Mike saw in the mirror an image of
Meggie staggering out of the door that led down to the lochside, her body weakened from the loss of so much blood. Her shoulders were bent forward from the strain of carrying the fishing net filled with weights. Mike’s fingers brushed the mirror’s surface – a futile gesture – as she walked on and into the water, the blackness of the loch closing around her until she was gone.
I’ve been here ever since, Mikey. Living, but not living. Waiting, but not waiting. Replaying the blissful days and dark nightmares that only Hearthstone Cottage can bring. As my body lay at the bottom of the loch, my soul has been in limbo inside this place.
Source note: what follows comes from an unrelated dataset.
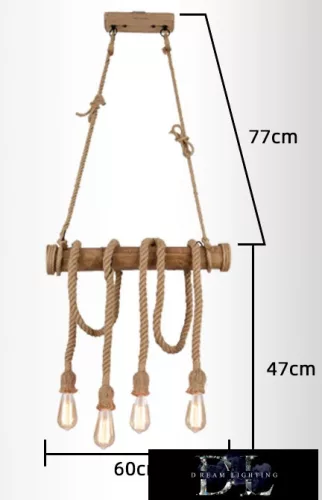 UNIVERSO Hemp rope chandelier 4xE27 max. 240V 600×1240mm black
I am tethered to its power. Anchored by the hearthstone that is the source of all things. In a way, Mikey, I became another sacrifice to the stone circle. And just as dear Elsa offered up souls to the stone circle, now so too must I.
As Meggie’s words chilled him to the marrow of his bones, a sudden spike of freezing, sharp pain shot through the core of Mike’s being. The force of it made him double up and almost rocked him from his feet. The dark intrusion spread out and coursed through him like a tsunami of ice, and, unable to stand it any longer, he fell to his knees, trembling and convulsing.
“My god, Meggie, make it stop, make it st—”
What came next shook the words from his mouth.
Chapter Twenty-Three
Loch water spewed in cold torrents from Mike’s mouth and onto the hearthstone, which hissed, hotly.
You are tasting the same deep water that I tasted.
Meggie’s voice was ever musical above the torrent.
The same crushing fathoms that stilled my beating heart and made tributaries of my lungs.
Mike gagged as the fronds of something slimy trailed across his throat with the unceasing flow of the dark loch water. He thought of the graves and the rotting bodies, still lying there on the lochbed. Death, drenched forever beneath the waves.
Bitter, isn’t it? Meggie said.
Coughing and heaving from the hideous evacuation of so much water, Mike pulled himself erect, holding on to the mantelpiece for fear that another wave might pass through him. As he fought for breath, spitting silt from his mouth, an image in the black mirror began to take shape. He could see a Highland sky over the peaks of the mountains and something else in the foreground. He thought it might be the reflected furniture in the room, but then he realized he was looking at the backs of Alex’s and Kay’s heads. And, noticing the headrests, he saw they were sitting in car seats.